Learning Concurrency in Go (Simulated Search Service)

Binod Kafle
9 min readOct 6, 2020

What is concurrency?

According to Wikipedia, Concurrency is the ability of different parts or units of a program, algorithm, or problem to be executed out-of-order or in partial order, without affecting the final outcome. So, what does this definition mean? Let’s say we have two processes, process A and process B, currently process A is being executed by the system, at the same time if process B arrives and it executed and again system returns to execute process A then process A and B are said to be concurrent processes.

Concurrency is the composition of independently executing computations.

func boring(msg string) {
for i := 0; i++ {
fmt.Println(msg, i) time.Sleep(time.Second)
}
}

Goroutines

It’s an independently executing function, launched by a go statement. It has its own call stack, which grows and shrinks as required. It’s very cheap. It’s practical to have thousands, even hundreds of thousands of goroutines. It’s not a thread.
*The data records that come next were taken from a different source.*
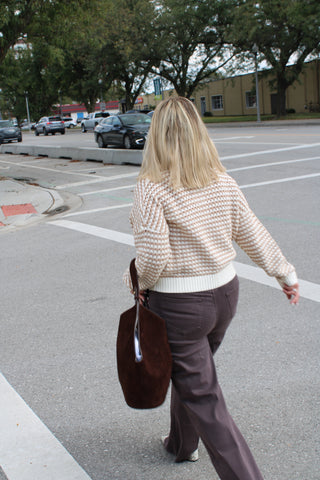 A woman walking away on a paved street, wearing a cream and brown patterned knit sweater, brown pants, and carrying a large dark brown tote bag.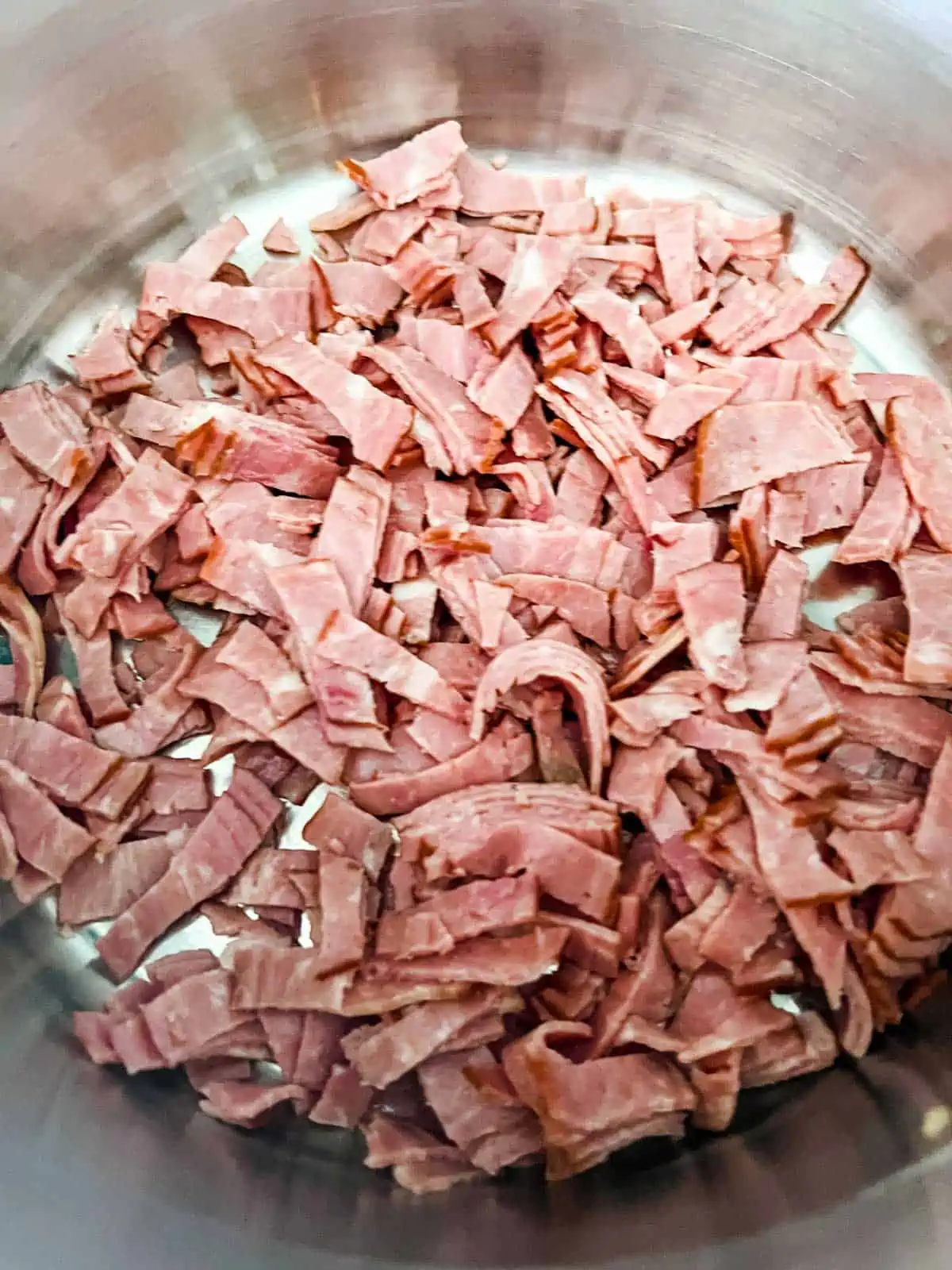 Photo of bacon cooking in a dutch oven.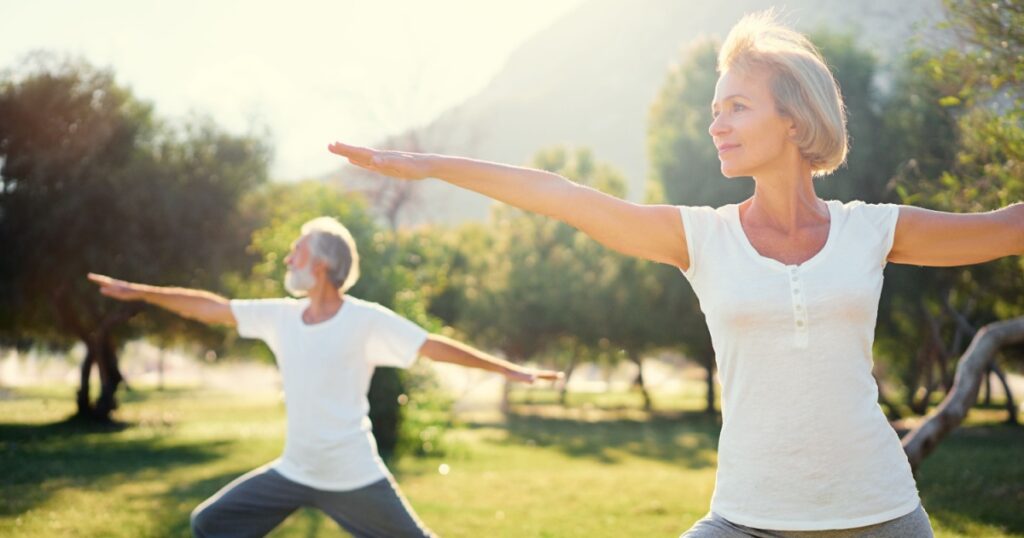 Yoga at park. Senior family couple exercising outdoors. Concept of healthy lifestyle.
There might be only one thread in a program with thousands of goroutines. Instead, goroutines are multiplexed dynamically into threads as needed to keep all the goroutines running.

In the example, we started go routine printed a bit and exited. Goroutines were independently executing, they were not communicating or synchronizing their behavior in any way

To do proper concurrent you need to communicate

Communication

Our boring examples cheated: the main function couldn’t see the output from the other goroutine. It was just printed to the screen, where we pretended we saw a conversation. Real conversation requires communication.

Channels

A channel in Go provides a connection between two goroutines, allowing them to communicate.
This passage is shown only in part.